Dubai: A Pakistani crane operator in Dubai said he has lost his life-savings after Dh127,500 was fraudulently transferred out of his bank account.
Abdul Qayyum Abdul Haq, 69, said the fraud happened even though he has never done any online banking transacton, nor used a credit card in his life or shared his ATM card and bank account details with anyone.
“I’ve had the same bank account, and only one bank account, for 25 years. It took me 25 years to save up this amount from my heard-earned salary. In less than 15 minutes, it was all gone,” he added.
Abdul Haq, who first came to the UAE in 1972, was operating his crane in Dubai’s Jebel Ali Free Zone when he received text messages on his mobile phone on April 30.

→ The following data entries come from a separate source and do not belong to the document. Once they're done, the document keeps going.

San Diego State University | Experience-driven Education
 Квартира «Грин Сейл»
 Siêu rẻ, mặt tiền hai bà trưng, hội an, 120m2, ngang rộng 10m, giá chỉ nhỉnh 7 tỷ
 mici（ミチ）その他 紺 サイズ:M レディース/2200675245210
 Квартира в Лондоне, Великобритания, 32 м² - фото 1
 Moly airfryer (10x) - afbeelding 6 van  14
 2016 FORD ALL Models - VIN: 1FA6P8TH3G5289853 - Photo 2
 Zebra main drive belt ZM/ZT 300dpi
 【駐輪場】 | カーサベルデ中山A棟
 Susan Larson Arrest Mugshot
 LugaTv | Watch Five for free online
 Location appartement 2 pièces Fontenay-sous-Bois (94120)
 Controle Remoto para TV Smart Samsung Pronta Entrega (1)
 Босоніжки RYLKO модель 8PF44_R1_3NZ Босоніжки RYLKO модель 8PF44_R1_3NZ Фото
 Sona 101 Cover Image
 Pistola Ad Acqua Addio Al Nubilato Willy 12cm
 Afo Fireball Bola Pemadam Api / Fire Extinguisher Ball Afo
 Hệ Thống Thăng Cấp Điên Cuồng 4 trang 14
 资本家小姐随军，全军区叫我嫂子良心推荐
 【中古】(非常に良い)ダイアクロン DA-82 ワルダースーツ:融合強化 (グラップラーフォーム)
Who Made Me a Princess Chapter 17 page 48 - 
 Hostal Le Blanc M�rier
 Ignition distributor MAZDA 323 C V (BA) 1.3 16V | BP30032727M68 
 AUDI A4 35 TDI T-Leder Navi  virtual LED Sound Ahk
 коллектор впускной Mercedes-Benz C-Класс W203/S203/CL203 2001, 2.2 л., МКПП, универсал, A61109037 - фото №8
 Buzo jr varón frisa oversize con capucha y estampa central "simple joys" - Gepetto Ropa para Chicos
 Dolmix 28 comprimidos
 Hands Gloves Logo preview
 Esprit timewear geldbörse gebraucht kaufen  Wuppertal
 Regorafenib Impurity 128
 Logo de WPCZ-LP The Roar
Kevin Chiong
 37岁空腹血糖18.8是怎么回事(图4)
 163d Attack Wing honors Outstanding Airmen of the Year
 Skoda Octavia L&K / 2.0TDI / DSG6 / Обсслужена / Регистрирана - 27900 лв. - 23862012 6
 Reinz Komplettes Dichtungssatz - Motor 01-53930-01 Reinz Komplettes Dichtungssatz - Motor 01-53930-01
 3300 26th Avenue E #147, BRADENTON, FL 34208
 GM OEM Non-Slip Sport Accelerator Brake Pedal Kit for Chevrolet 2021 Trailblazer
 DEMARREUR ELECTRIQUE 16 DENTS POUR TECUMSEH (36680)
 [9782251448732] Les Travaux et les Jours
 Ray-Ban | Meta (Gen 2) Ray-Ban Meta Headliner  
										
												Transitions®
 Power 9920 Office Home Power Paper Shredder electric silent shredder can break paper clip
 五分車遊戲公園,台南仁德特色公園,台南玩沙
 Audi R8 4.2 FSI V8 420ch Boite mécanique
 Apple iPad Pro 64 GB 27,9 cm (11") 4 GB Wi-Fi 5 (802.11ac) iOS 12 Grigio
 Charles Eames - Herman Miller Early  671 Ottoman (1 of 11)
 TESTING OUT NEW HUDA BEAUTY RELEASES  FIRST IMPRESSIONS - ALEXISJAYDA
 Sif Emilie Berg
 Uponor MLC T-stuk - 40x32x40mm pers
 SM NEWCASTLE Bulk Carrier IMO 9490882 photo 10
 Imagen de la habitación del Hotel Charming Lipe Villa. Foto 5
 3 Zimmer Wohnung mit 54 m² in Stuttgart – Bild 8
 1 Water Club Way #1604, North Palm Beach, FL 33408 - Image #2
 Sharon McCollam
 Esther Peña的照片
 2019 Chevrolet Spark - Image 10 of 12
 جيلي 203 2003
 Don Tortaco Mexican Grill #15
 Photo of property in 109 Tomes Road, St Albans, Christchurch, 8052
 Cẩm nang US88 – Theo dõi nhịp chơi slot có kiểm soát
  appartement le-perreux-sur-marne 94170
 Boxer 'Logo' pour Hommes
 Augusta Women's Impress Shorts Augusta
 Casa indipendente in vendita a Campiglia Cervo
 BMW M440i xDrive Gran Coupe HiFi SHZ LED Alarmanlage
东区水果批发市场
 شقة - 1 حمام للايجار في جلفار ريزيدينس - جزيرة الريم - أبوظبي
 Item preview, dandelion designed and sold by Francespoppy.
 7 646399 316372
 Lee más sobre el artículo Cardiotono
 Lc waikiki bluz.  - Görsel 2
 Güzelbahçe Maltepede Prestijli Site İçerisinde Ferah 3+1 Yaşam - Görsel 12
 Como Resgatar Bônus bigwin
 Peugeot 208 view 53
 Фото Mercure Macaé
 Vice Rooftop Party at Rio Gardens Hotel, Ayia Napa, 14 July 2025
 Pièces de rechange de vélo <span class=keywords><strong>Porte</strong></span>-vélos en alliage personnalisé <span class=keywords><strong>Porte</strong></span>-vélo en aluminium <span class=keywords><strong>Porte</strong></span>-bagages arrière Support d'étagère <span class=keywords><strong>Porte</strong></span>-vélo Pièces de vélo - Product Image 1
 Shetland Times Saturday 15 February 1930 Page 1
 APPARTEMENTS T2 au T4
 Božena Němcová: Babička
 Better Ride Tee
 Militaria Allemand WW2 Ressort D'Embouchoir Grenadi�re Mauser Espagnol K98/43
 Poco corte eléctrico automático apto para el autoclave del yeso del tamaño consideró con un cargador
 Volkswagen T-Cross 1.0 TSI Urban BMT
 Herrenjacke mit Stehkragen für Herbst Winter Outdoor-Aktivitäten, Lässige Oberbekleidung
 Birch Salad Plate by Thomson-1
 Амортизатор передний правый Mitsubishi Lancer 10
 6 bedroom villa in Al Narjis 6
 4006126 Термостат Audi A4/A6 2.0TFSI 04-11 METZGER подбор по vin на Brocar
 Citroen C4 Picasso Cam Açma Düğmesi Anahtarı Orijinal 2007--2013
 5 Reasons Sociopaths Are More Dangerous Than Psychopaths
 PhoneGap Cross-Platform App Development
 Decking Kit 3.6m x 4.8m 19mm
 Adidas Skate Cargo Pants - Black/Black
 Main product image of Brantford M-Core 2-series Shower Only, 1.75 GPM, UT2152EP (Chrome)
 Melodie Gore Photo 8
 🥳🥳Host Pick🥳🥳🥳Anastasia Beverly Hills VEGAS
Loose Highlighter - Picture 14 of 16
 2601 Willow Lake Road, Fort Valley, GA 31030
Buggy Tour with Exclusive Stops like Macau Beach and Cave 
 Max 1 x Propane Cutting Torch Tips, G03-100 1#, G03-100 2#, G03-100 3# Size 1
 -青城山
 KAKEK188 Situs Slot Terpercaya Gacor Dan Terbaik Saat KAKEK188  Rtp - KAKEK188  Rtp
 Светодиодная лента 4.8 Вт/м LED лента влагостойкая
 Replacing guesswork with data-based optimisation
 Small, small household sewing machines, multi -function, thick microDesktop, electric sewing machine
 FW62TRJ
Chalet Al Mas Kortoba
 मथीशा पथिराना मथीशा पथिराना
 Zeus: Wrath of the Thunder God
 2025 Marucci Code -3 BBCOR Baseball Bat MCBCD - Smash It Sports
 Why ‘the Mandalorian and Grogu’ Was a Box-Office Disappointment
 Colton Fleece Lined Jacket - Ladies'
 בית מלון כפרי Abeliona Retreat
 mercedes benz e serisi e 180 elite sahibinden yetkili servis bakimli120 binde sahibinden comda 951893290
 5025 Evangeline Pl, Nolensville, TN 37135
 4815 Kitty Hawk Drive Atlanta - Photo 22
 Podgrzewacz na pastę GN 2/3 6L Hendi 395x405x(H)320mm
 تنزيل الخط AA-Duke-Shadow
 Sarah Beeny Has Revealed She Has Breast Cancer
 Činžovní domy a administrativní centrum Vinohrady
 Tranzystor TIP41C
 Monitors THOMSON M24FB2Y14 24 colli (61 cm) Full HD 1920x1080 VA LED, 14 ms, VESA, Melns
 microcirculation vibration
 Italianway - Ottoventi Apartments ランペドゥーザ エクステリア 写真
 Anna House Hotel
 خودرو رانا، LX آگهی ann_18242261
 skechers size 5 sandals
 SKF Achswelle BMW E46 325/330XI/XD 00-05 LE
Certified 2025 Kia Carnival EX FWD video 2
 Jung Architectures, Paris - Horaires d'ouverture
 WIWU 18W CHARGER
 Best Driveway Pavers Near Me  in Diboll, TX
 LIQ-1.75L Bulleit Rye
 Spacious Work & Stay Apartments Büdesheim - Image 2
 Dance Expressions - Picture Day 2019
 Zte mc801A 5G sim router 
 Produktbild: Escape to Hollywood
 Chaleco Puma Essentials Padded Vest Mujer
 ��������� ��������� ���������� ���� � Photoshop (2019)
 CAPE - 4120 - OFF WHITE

I didn’t get any call, notification or confirmation from my bank to ask me if it was indeed me who was trying to create the online account or transferring the money.
“As I was handling the crane, I didn’t check the text messages right away. When I check them around an hour later, I was shocked to see there were three messages saying my money was transferred out to three accounts.”
Abdul Haq has lodged a complaint with his bank, Dubai-based Emirates NBD, and Dubai Police.
“How could this have happened? I never had an online account. The same day of the fraudulent transfer, someone criminally created an online bank account in my name and took my money out,” he said.
Abdul Haq added that the text messages showed that the first two attempts using OTP (one-time password) had failed, but the third attempt went through.
“I didn’t get any call, notification or confirmation from my bank to ask me if it was indeed me who was trying to create the online account or transferring the money.”
In a statement to Gulf News, an Emirates NBD spokesperson said: “There appears to have been a cyberattack on the customer by a fraudster whereby confidential information, such as the customer’s debit card number and multiple authentication codes sent via SMS to his registered mobile number were used to set up the customer’s online banking account and carry out fraudulent transactions.”
Abdul Haq, who has four sons and a daughter, said he was “not satisfied” by the bank’s response. Abdul Haq, who lives in Sharjah, added: “At the end of the day, I entrusted my life’s savings with the bank for peace of mind, both of which I’ve lost. I’ve never shared my ATM card or bank account details with anyone, nor have I used my card to make any payments, anywhere. “I’m not a cyber-crimes expert, I’m a simple man who is a daily wager. I earn my money on an hourly basis and I lose money and time on every occasion I have to leave work to follow-up with my bank regarding my complaint. The bank’s SmartPass or other added security features should have been there before.”
Emirates NBD’s response:
1. After a thorough investigation of the circumstances associated with this particular incident, there appears to have been a cyber-attack on the customer by a fraudster whereby confidential information, such as the customer’s Debit Card number and multiple authentication codes sent via SMS to his registered mobile number were used to set up the customer’s Online Banking account and carry out fraudulent transactions. The information could have possibly been obtained by the fraudster through a vishing/phishing attack. Emirates NBD’s systems have at no point in time been compromised.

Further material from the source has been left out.